Scottie Thompson has been around since 2000 doing mainly television roles from an uncredited role in “Center Stage” to “Ugly Betty”, “Star Trek”, “Bones”, “CSI: Crime Investigation”. This November, she will be starring with John Corbett, Justin Long and Jerry O’Connell in “The Lookalike”. Examiner sat down with her to discuss her latest role and its impact on her career.
AL: Scottie thank you for taking the time out of your busy schedule to speak with us. In looking over your resume it says that you went to Harvard for ballet. Have you found that a background in dance has prepared you as a film actress and how?
ST: I actually was a professional ballet dancer with the Richmond Ballet, and then stopped dancing to attend Harvard and study literature – and do lots of theater. I most definitely feel that dance prepared me for film. A great deal of acting is rooted in body language, and the knowledge of movement I gained through dancing influences how I approach characters and exist within them. I also think it helps in terms of continuity of performance; I spent so many years studying choreography that I’m usually aware of my specific movements at specific times during a scene. Dance is an extremely disciplined art form that requires dedication and passion, and those aspects most certainly translate to a career in film.
AL: In 2000 you took a year off to dance with the Richmond Ballet, what was that like and where did you go?
ST: I trained intensely throughout my childhood and into my high school years, and after graduation from high school, I went to school to pursue a career in dance, as an apprentice with the Richmond Ballet. It was an incredible experience; to finally be a professional after so many years of such dedication. We performed throughout the year, in Richmond. I ultimately decided to leave dance, which was an extremely difficult decision, but I am grateful for all that it taught me.
AL: While you were at Harvard you were in productions of “Macbeth” and “The Oresteia”. Later you stepped into more contemporary roles (such as “CSI”). Were you you able to use those experiences (in theater) as foundations for your later career within the industry?
ST: I do use my theater training in my work today. There are certainly differences between stage and screen, but the same principles of acting apply. I continue to study acting in different classes, as there are always new approaches to explore in my work.
AL: I read that you not only were in plays but had a role in laying out choreography in other productions. Did you feel comfortable in that role given your background in dance? And would you consider doing something like that again?

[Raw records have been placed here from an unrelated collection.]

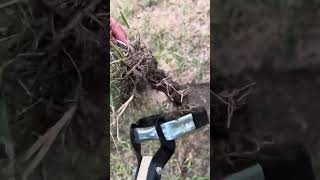 How to Remove Weeds Fast (Tool Review: Craftsman Wood Handle Weeding Hoe vs Skidger Extreme Weeder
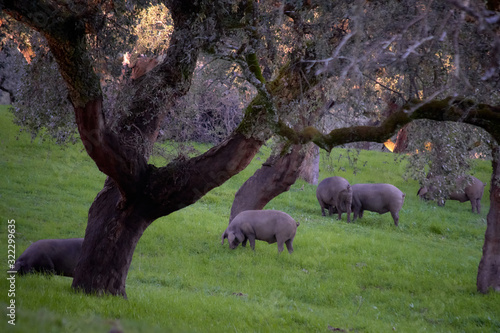 iberian pigs in the meadow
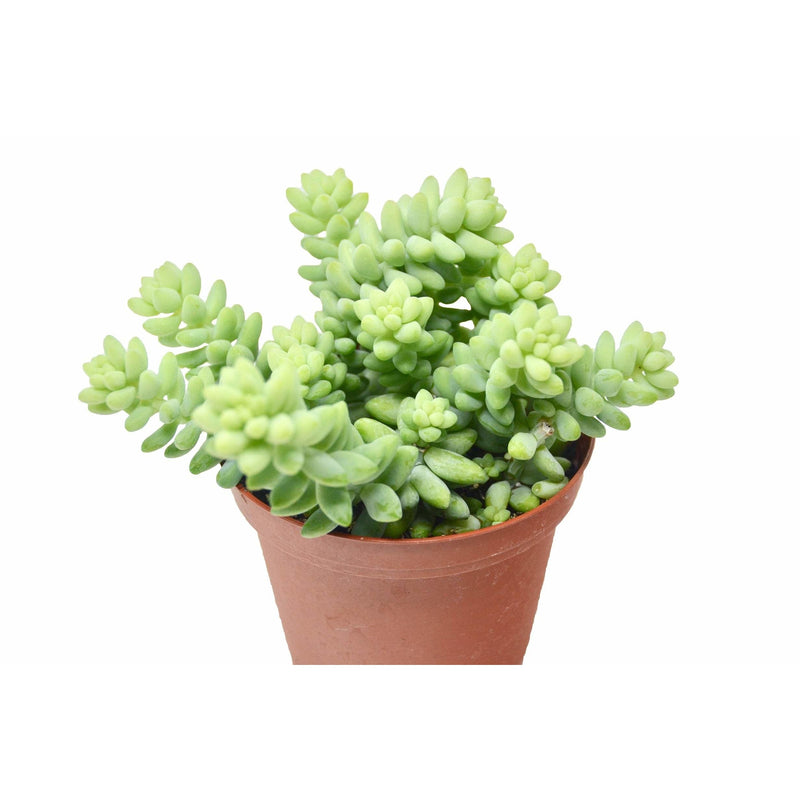 Sedum &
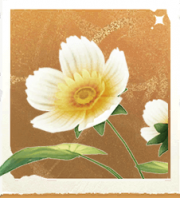 生物小绵菊.png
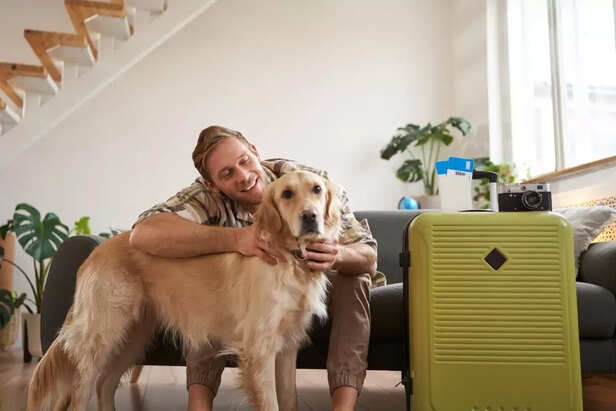 Traveling with Pets_ What to Know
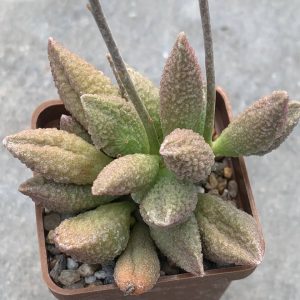 Adromischus hybr Belgium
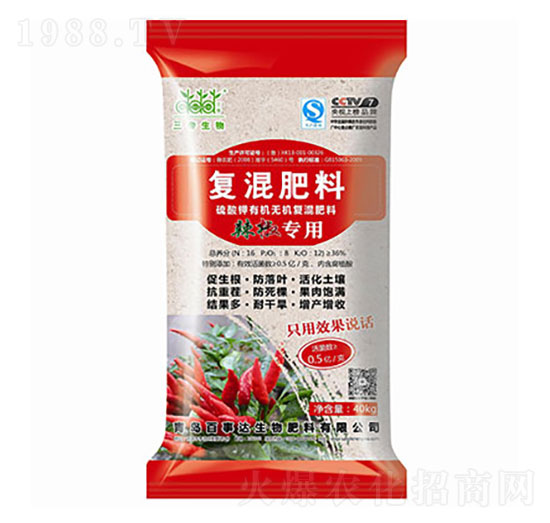 �������÷� ���ۏ�(f��)����� �����_(d��)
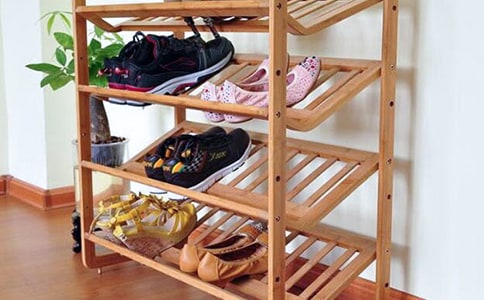 《母亲的鞋架》阅读答案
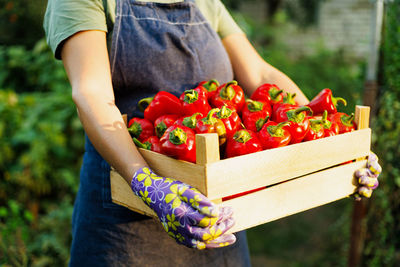 Midsection of woman holding strawberries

ST: I enjoyed choreographing; it was a small production and I worked with a bunch of wonderful friends. I will leave the choreographing to the pros, though, at this point. They know how to create their own art, which I greatly respect.
AL: Since moving to New York, you have had a reoccurring role in Showtime’s series “Brotherhood” with Jason Isaacs. What was it like working with him and the rest of the crew?
ST: “Brotherhood” was the first series I worked on; I didn’t even know what a pilot was when I auditioned in Boston. It was all a bit of an exciting blur to be on set and to be working as a professional actor. Jason Isaacs is a very talented actor and I was thrilled to work with someone of his level of experience, and to learn from the incredible writers – Blake Masters and Henry Bromell – and directors such as Phillip Noyce. The entire cast and crew were wonderful.
AL: Now that you are going to be in a major motion picture, how was the transition from film to television? Did you find the rest of the cast welcoming? Did you bond with them and if so how?
ST: Film and television are closer in technique than either of those and TV, so it was an easier transition, but there are many subtle differences to adjust to. I found the cast very welcoming, as well as the city of New Orleans. Working long hours and existing in an alternate world, as you do on film, it is hard not to bond with your fellow cast-mates.
AL: How did you prepare for the role of Mia, and can you describe her and her relationships with the other characters?
ST: Mia is deaf – for a short while by the time we meet her – and I was able to speak with a woman who had recently had an operation to restore her hearing. I also researched the illness she suffers from, and read several books to help me understand her psychology in coping with her dilemma. She is someone who feels like an outsider looking in – or perhaps stepping back for perspective. She is someone who cares deeply and understands what matters, at the same time as she fails to comprehend that. She’s complicated, like all of the characters in the film.
AL: You have many other projects coming out as well, some film, television and a few short films. Are there any projects you would like to see done (stories that interest you) and or actors you would like to work with?
ST: I am working on developing several ideas of my own into projects, and hope that they take shape soon. And there are many actors I would love to work with; the list is constantly growing and I fear I wouldn’t be able to stop if I got started.
AL: Do you have any advice for young girls who want to go into the business? Any do’s and don’ts? And if there was one specific thing you would tell young people who want to go this route for their livelihood what would it be?
ST: My advice is to know who you are, and constantly keep checking back in with that person. This business is an emotional roller-coaster that I love being on, but it certainly requires thick skin. So it’s important to remain true to yourself. Study lots: take class, study people on the streets and in books and in your life, and just keep exploring and growing.
AL: Scottie thanks so much for taking the time to speak with us.